Of course, Neighbors star Seth Rogen has sometimes seemed like a Muppet himself, say Fozzie Bear crossed with a man-child who smokes weed while on break at Best Buy. Now 32 and several years married, Rogen is ready to play a human being, as long as it doesn't mean putting down the bong. (To prove it, in the first five minutes of the film, he swallows a lit joint.)

Rogen plays Mac Radner, a cubicle drone who married his college sweetheart, Kelly (Rose Byrne), spawned a baby and has just become the first in his friend group to buy a house. The Radners wear their suddenly suburban life like a gag costume, as though growing older is something they're only doing ironically. They're convinced that now that little Stella (twins Elise and Zoey Vargas) is six months old, they'll transition into the cool parents who can take their baby to a rave. Though, as the stay-at-home half of the partnership, Byrne occasionally lets her good cheer crack so we can hear her buried panic that she might never leave the house again.

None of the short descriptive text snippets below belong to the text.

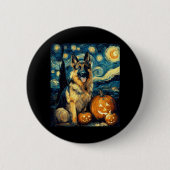 Badge Rond 5 Cm Chien berger allemand mignon Halloween Jack-o'-lan (Devant)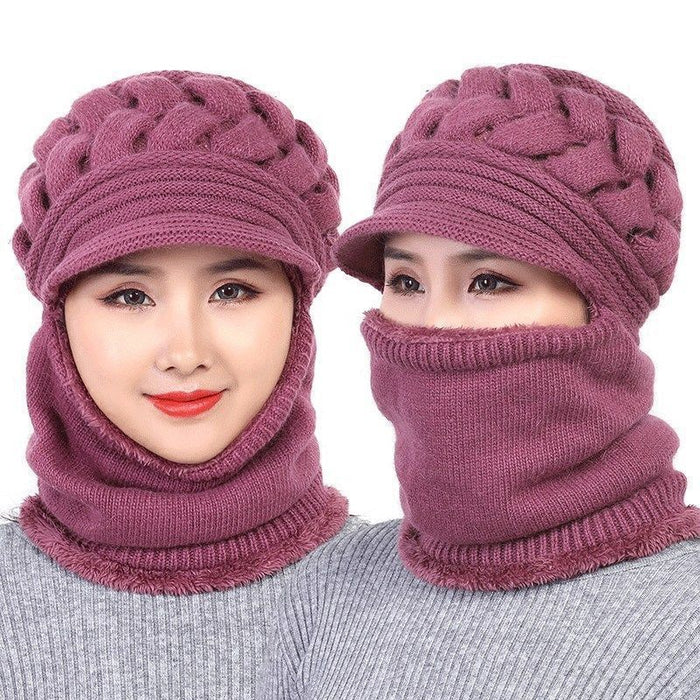 Wholesale Hat Wool Winter Fleece One-piece Knitted Hat JDC-FH-BXY001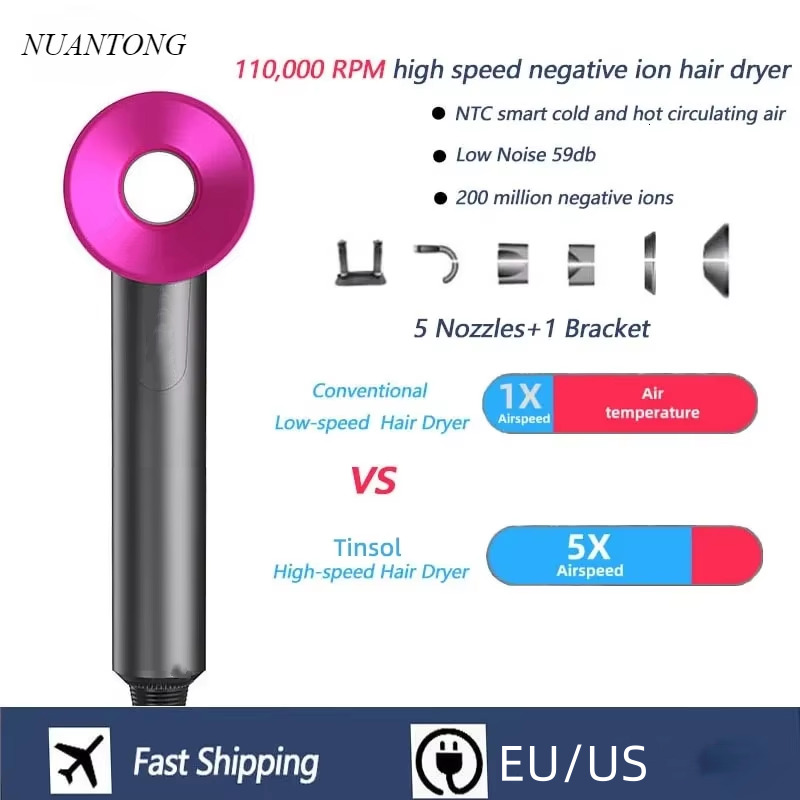 Professional Bladeless Constant Temperature Negative Ion Attachment 5 Household Powerful Styg Hair Dryer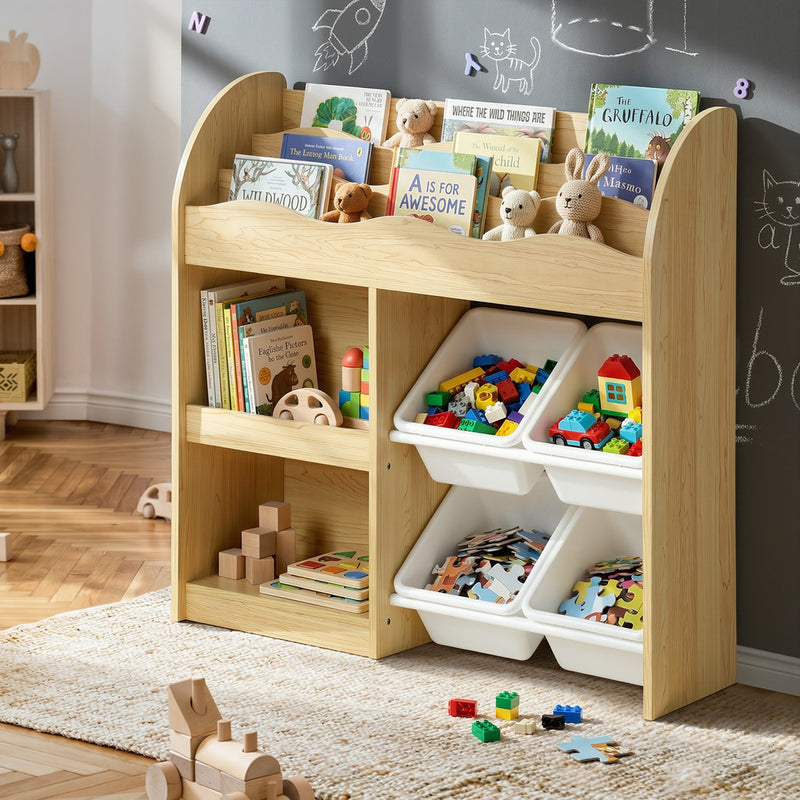 Oikiture Kids Bookshelf 4 Bins Toy Box Storage Organiser Display Shelf
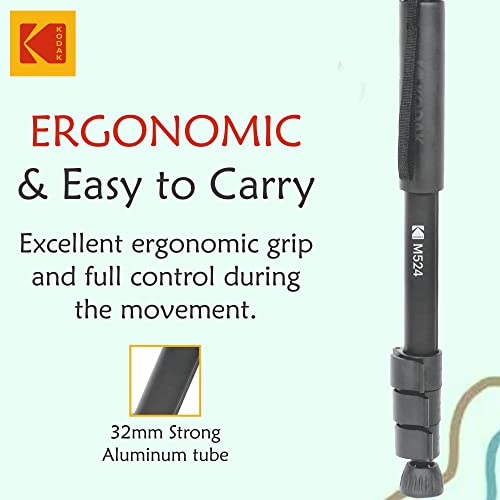 Image of Kodak M524 Monopod Suitable for Both Video & DSLR Cameras & H3100 Photo & Video Head, Black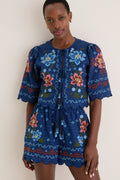 Stitched Garden Dark Blue Tie Front Blouse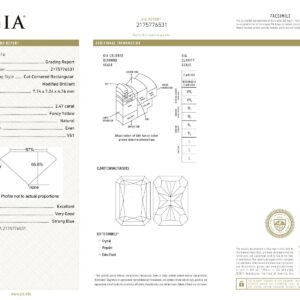 White Gold Radiant Cut Fancy Yellow Diamond & Tapered Cut Diamond Ring - 3.14ct-9673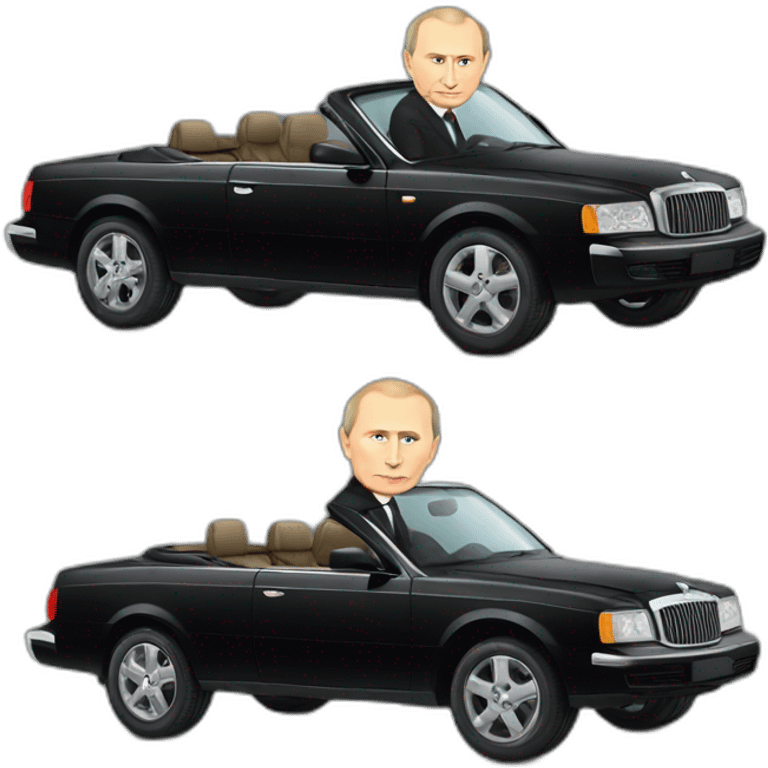 vladimir putin is driving a big black car emoji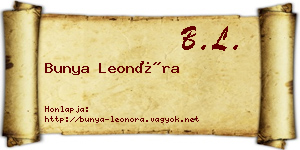 Bunya Leonóra névjegykártya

When a fraternity—alas, not the make-them-hip-by-association gay couple they'd hoped for—moves in next door, Kelly and Mac are initially stoked to attend an all-night party within range of their baby monitor. Kelly bonds with the bimbos; Mac chews fistfuls of mushrooms and invents a dance best described as the tummy twerk. But as all-night transitions into every night, they're forced to admit, most painfully to themselves, they just can't hang. And once the cops get called, it's war.

This sounds like squares versus slobs, a recipe for stupid pratfalls. There's plenty of the latter (see: dildo sword fight). But Stoller and screenwriters Andrew J. Cohen and Brendan O'Brien are too smart for simple stereotypes. This is family versus family, and neither house has the upper moral hand, especially once we start to suspect that the Radners are less outraged than desperate for distraction.

Delta Psi—the “Psi” gets sung like a battle whoop—are drunks under pressure. If frat president Teddy (Zac Efron), a tanned and toned demigod, can't shepherd his brothers to paradise by throwing the biggest bash in Greek history, he's a failure to the generations before him, those noble beerbarians who invented beer pong, toga parties and, um, vomiting in your shoe so you can keep raging at a football game. “How are we supposed to stand on the shoulders of giants?” Teddy asks without a whiff of sarcasm. His flock nods sagely, a clan that includes eternal student Christopher Mintz-Plasse, breakout comedian Jerrod Carmichael and the unnervingly handsome Dave Franco as a mentalist who can will an erection on command, a feat scored to the sort of somberly majestic music more often heard as the sun rises over Gettysburg. Yet between wild keggers choked with so much pot smoke that audiences might psychosomatically feel woozy, the film whispers what Teddy can't quite admit: After graduation, none of this will matter. That unites him and the Radners in the same futile fight that destroyed the Confederacy: Each is clinging to a way of life that it's time to outgrow.

Judging by his curious career, Efron can relate. At 18, High School Musical made him an international heartthrob. Quickly, he tried to get as serious as circumstances allowed, playing a PTSD-stricken veteran in a Nicholas Sparks romance and plunging headlong into Lee Daniels' daffy drama The Paperboy. He's got talent, and for a flicker, it looked as though he might underscore the point by pulling a Marlon Brando and thickening his pretty boy face with fat. But someone must have convinced Efron he has time to act his age because he abruptly about-faced with two louche comedies (the other being January's That Awkward Moment) and chiseled himself into what Mac gushes “looks like something a gay guy designed in a laboratory.”

Here, Efron gets his Brando moment—a wheelchair-bound meltdown worthy of Colonel Kurtz—while showing off his subtle comic timing down to the tiny gasp he squeaks when a rival grabs his balls. But Byrne is the movie's MVP thanks to a script that does what few comedies allow: let the wife earn some laughs. Tequila shot for tequila shot, Byrne is at the center, driving the action. Whether screaming at the dean (Lisa Kudrow) who only cares about bad headlines or convincing Franco to put a ho before a bro, she's so funny that you wonder once again why the Sandlers and Apatows of the world waste their women by writing them as shrews. Is Hollywood the ultimate fraternity? Maybe Byrne can break up that party, too.